**Brief:**
Repeat the data exactly, please; no pictures belong in the copy.

**Stored data:**
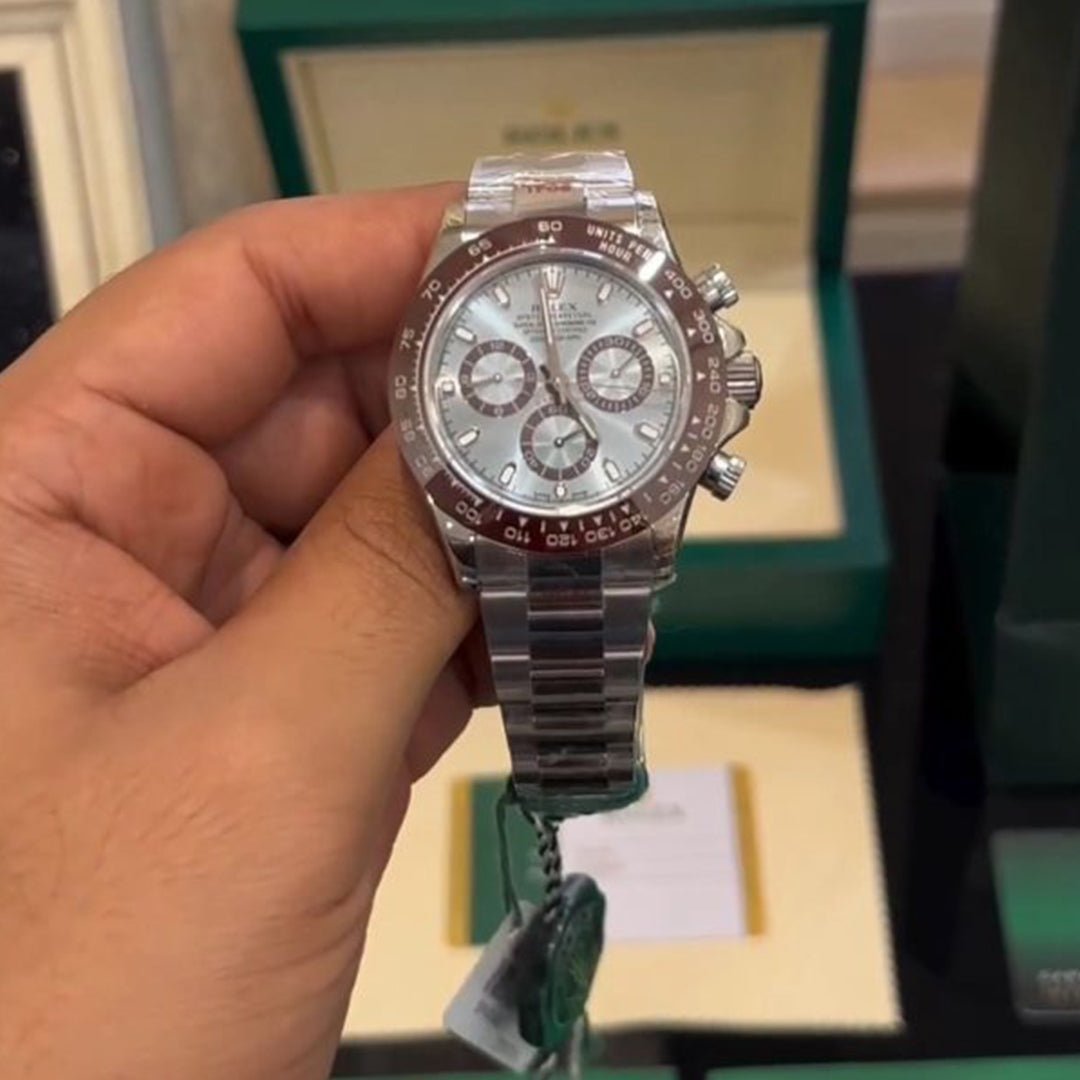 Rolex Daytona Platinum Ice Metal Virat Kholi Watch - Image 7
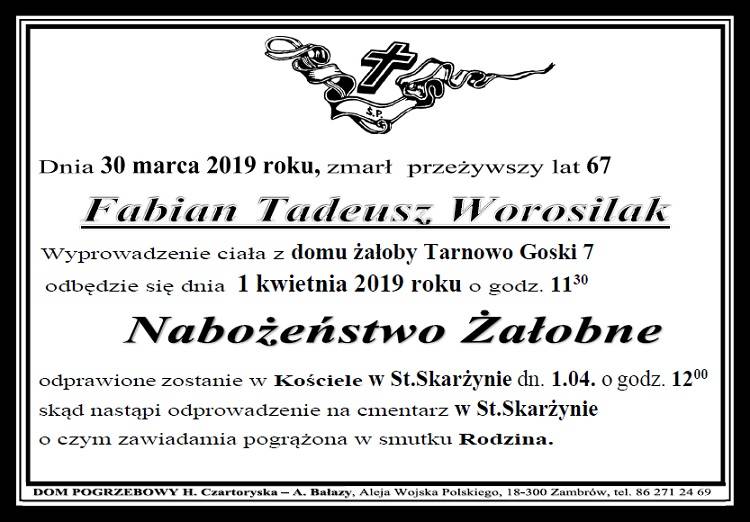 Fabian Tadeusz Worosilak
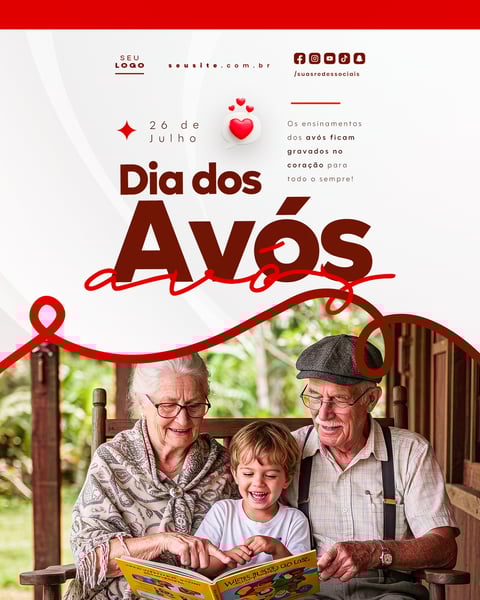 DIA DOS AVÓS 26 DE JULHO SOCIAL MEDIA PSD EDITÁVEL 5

**Response to the exercise:**
 Rolex Daytona Platinum Ice Metal Virat Kholi Watch - Image 7
 Fabian Tadeusz Worosilak
 DIA DOS AVÓS 26 DE JULHO SOCIAL MEDIA PSD EDITÁVEL 5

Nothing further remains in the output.